**EXERCISE PROMPT**:
Return the full set of entries precisely. Do not carry over any pictures.

**TASK DATA**:
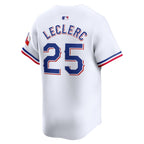 Jose Leclerc Texas Rangers Nike Home Limited Player Jersey - White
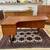 Refinished Vintage Mid Century Peter Lovig Nielsen Boomerang Desk 1 thumbnail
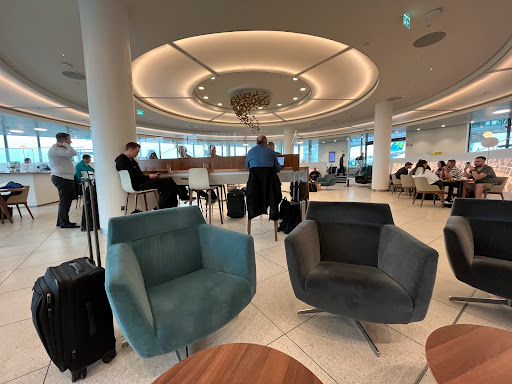 51st&Green Lounge at Dublin Airport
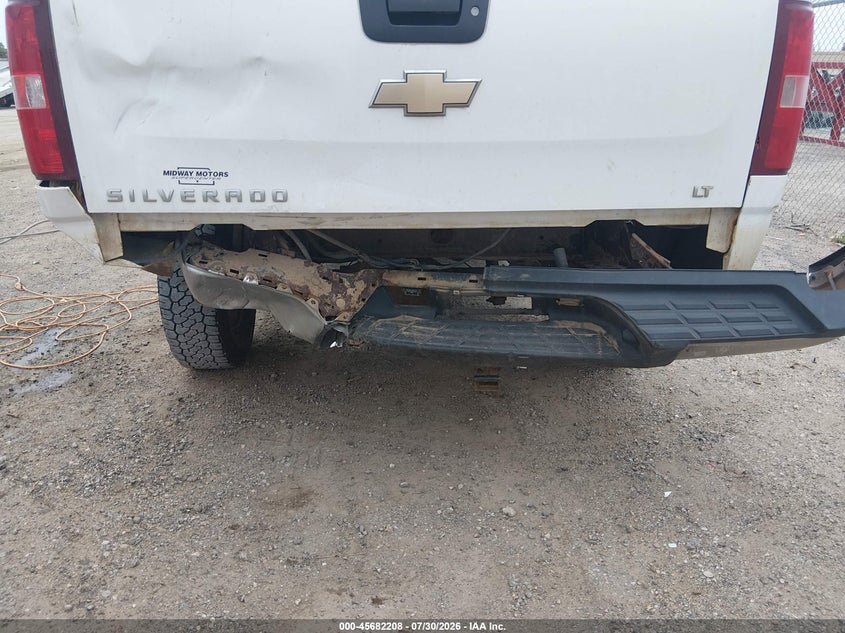 2009 CHEVROLET SILVERADO 2500HD auction photo 6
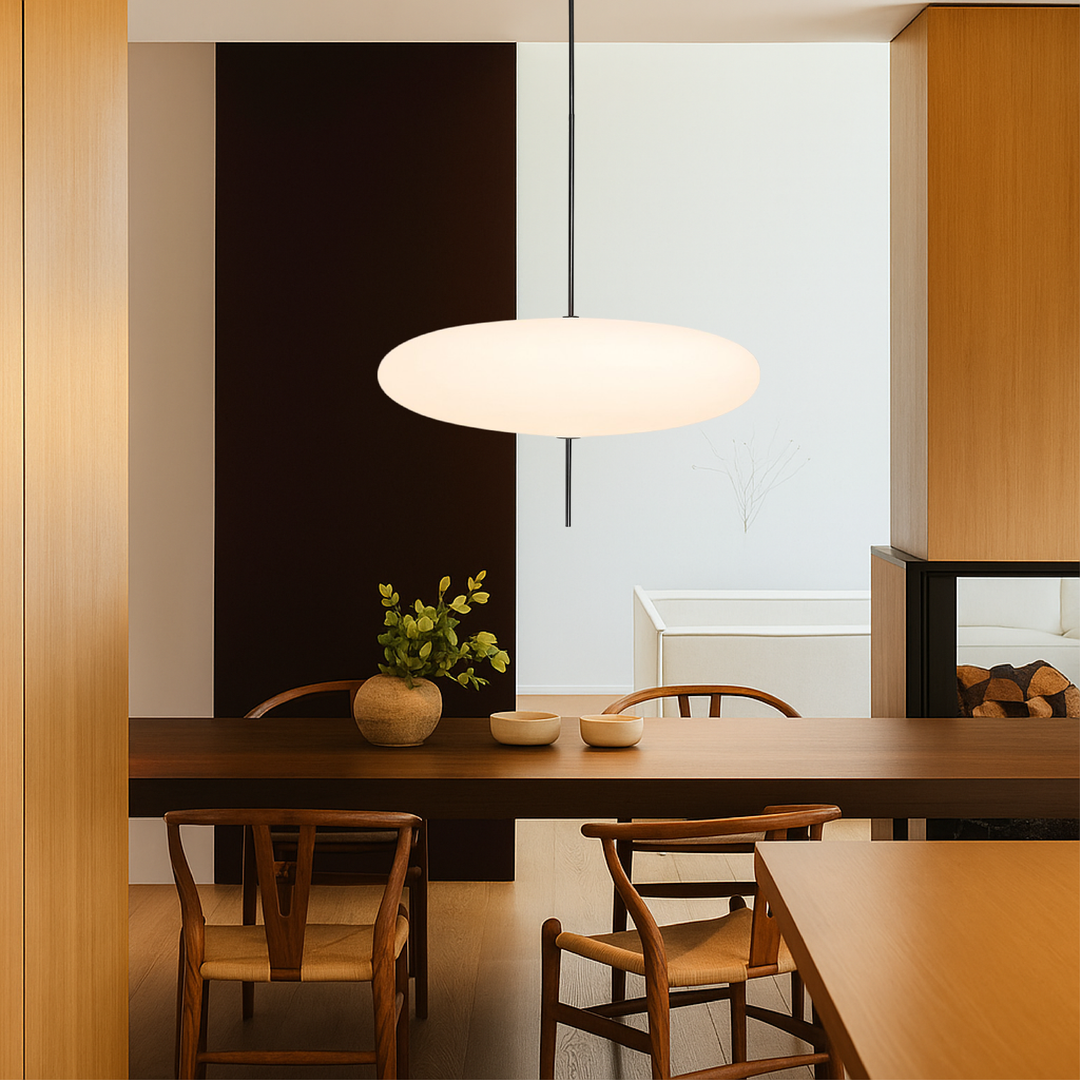 BowLift | Danish Pendant Lamp in Bauhaus Style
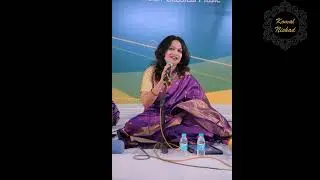 Abhang | Vidushi Sawani Shende | Hindustani Classical Vocal | Komal Nishad | Part 6/6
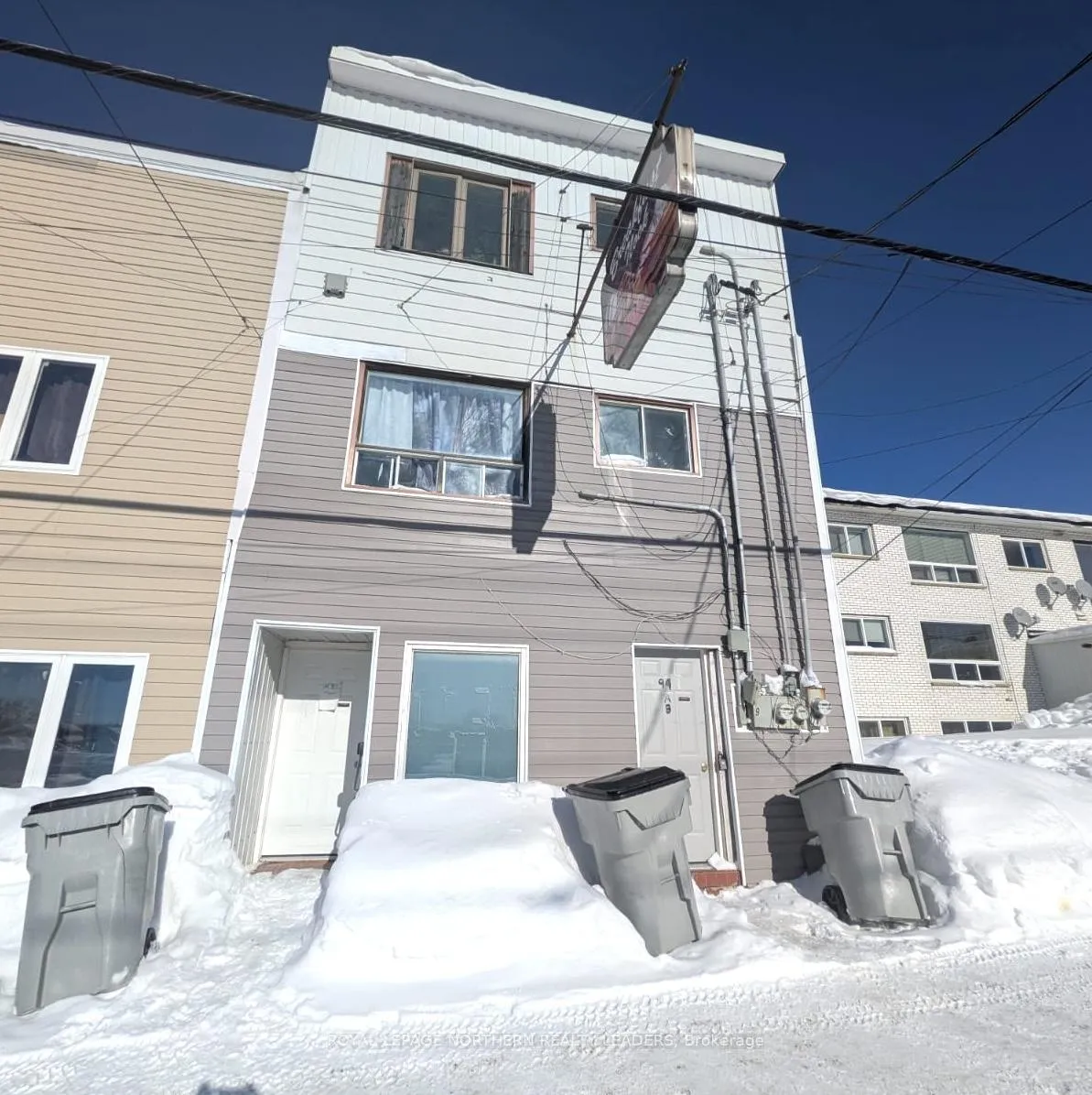 Front of 94 Golden Avenue
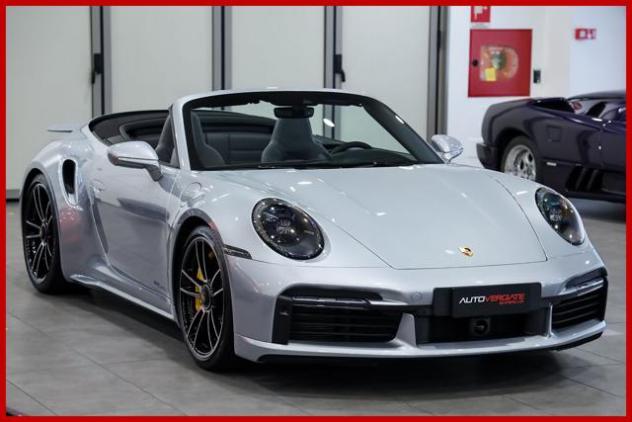 PORSCHE 992 TURBO S CABRIO**|IVA ESP|VENTILATI|RISCALDATI rif. 23289514 - Foto 3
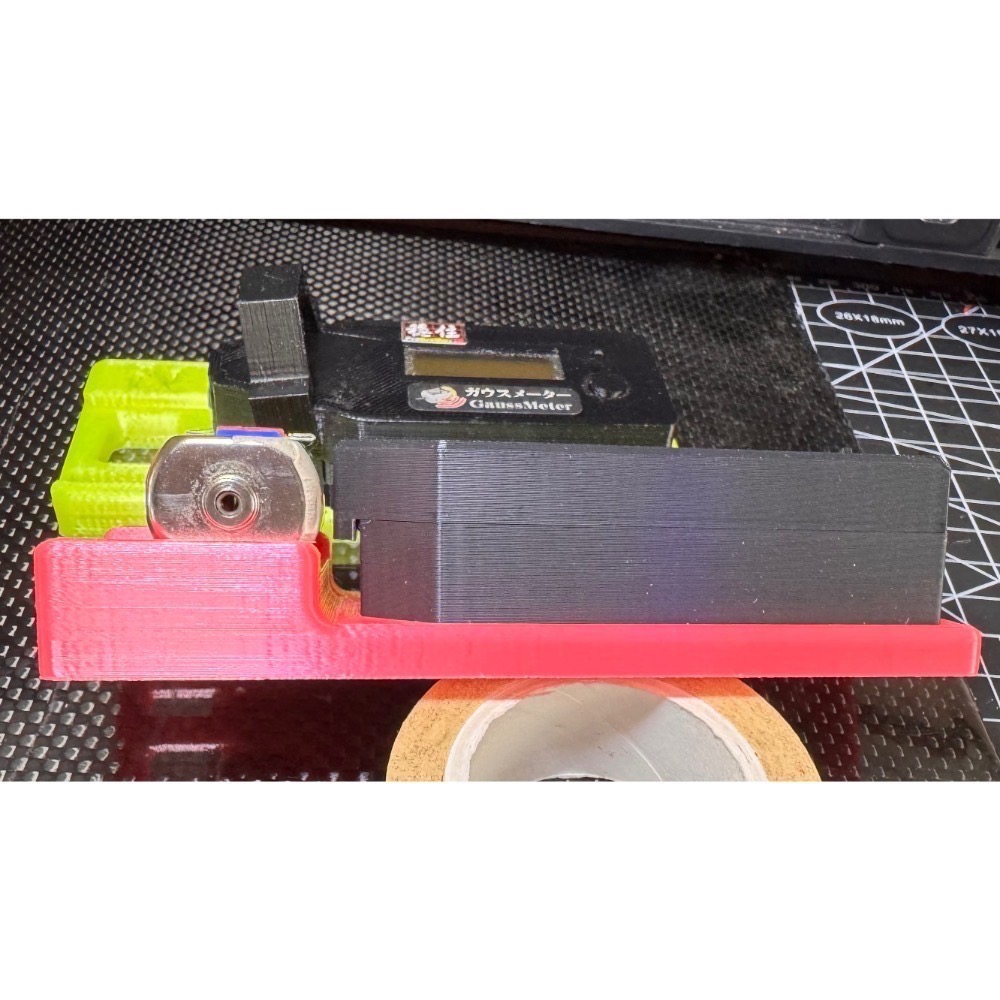 日本🇯🇵YUTORI 高斯計3D列印固定座 (不含高斯計)-細節圖8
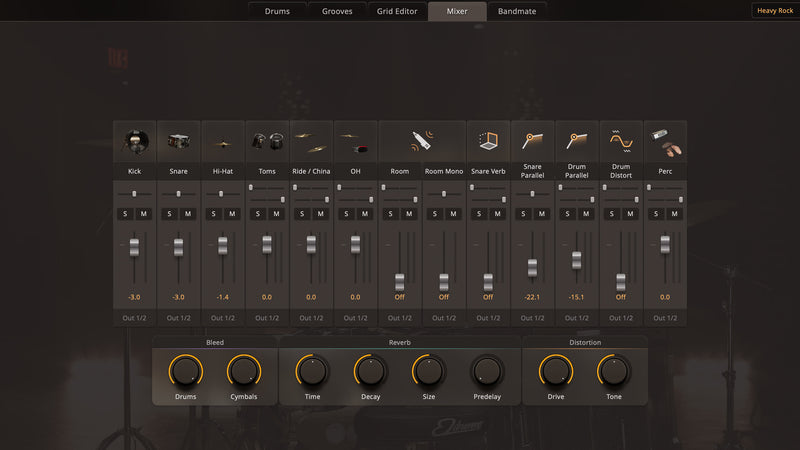 Toontrack Heavy Rock EZX Expansion Pack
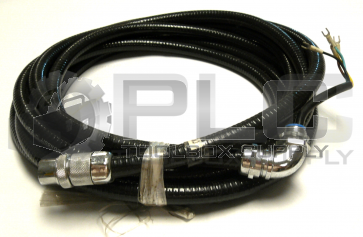 NEW SINZ PT706 FLEXIBLE CONDUIT 3/8" CABLE APPROXIMATELY 20 FEET OF CABLE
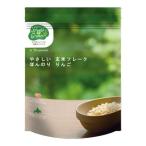 日本食品製造 日食 Feel&Green やさしい玄米フレーク ほんのりりんご 120g ×4 メーカー直送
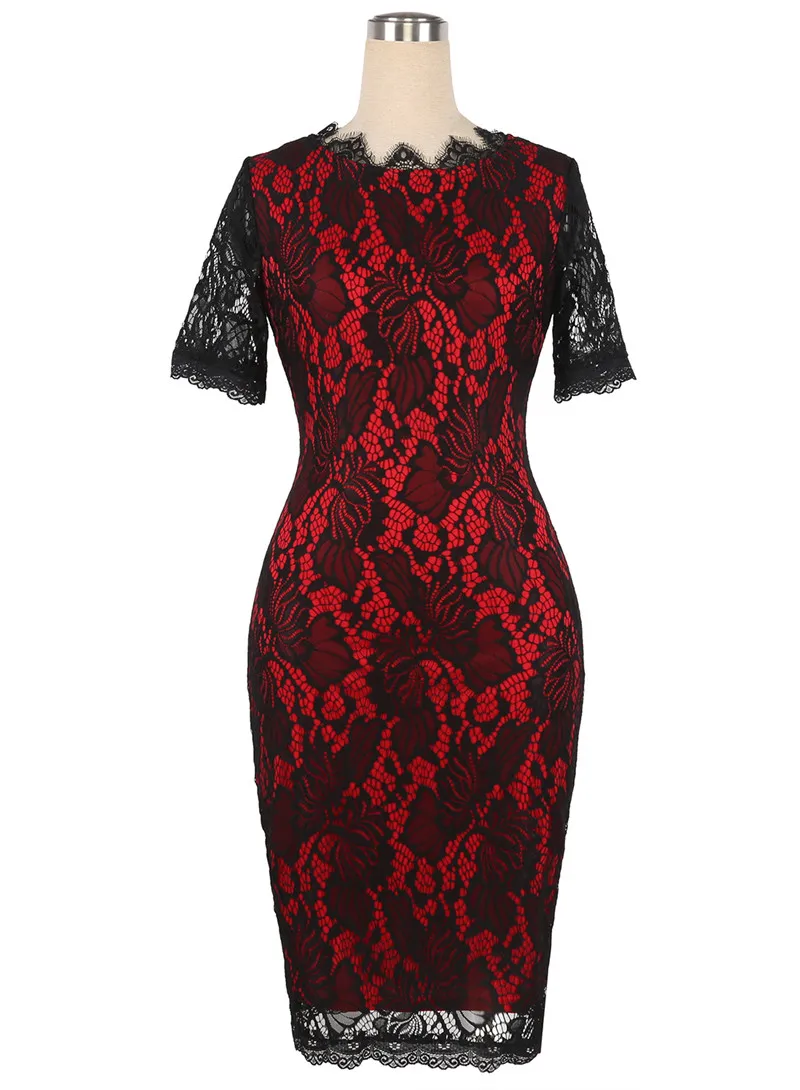 Женское элегантное сексуальное кружевное платье с вырезами облегающее вечернее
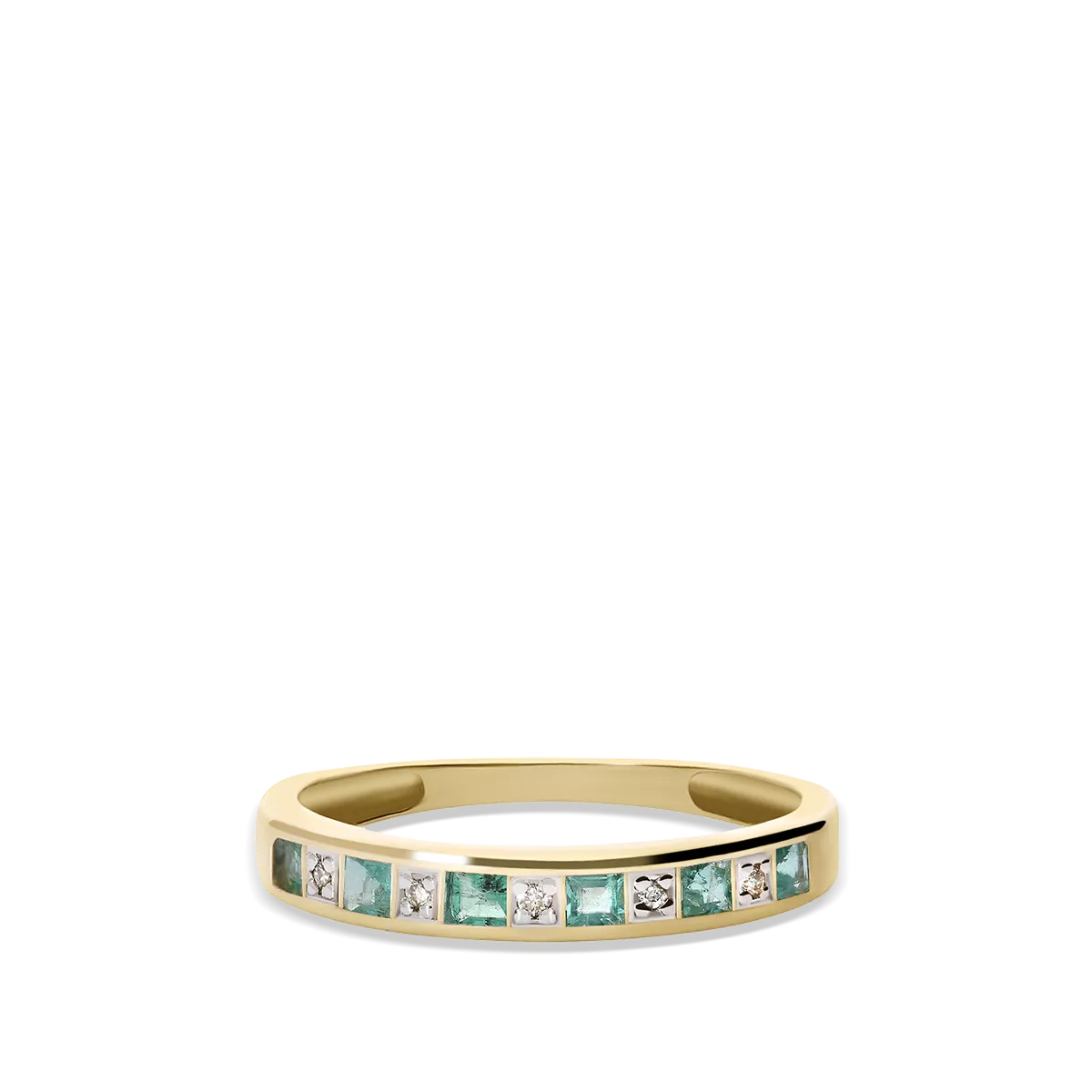 18k gold diamond ring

**RESULT FOR THIS EXERCISE**:
 Jose Leclerc Texas Rangers Nike Home Limited Player Jersey - White
 Refinished Vintage Mid Century Peter Lovig Nielsen Boomerang Desk 1 thumbnail
 51st&Green Lounge at Dublin Airport
 2009 CHEVROLET SILVERADO 2500HD auction photo 6
 BowLift | Danish Pendant Lamp in Bauhaus Style
 Abhang | Vidushi Sawani Shende | Hindustani Classical Vocal | Komal Nishad | Part 6/6
 Front of 94 Golden Avenue
 PORSCHE 992 TURBO S CABRIO**|IVA ESP|VENTILATI|RISCALDATI rif. 23289514 - Foto 3
 日本🇯🇵YUTORI 高斯計3D列印固定座 (不含高斯計)-細節圖8
 Toontrack Heavy Rock EZX Expansion Pack
 NEW SINZ PT706 FLEXIBLE CONDUIT 3/8" CABLE APPROXIMATELY 20 FEET OF CABLE
 日本食品製造 日食 Feel&Green やさしい玄米フレーク ほんのりりんご 120g ×4 メーカー直送
 Женское элегантное сексуальное кружевное платье с вырезами облегающее вечернее
 18k gold diamond ring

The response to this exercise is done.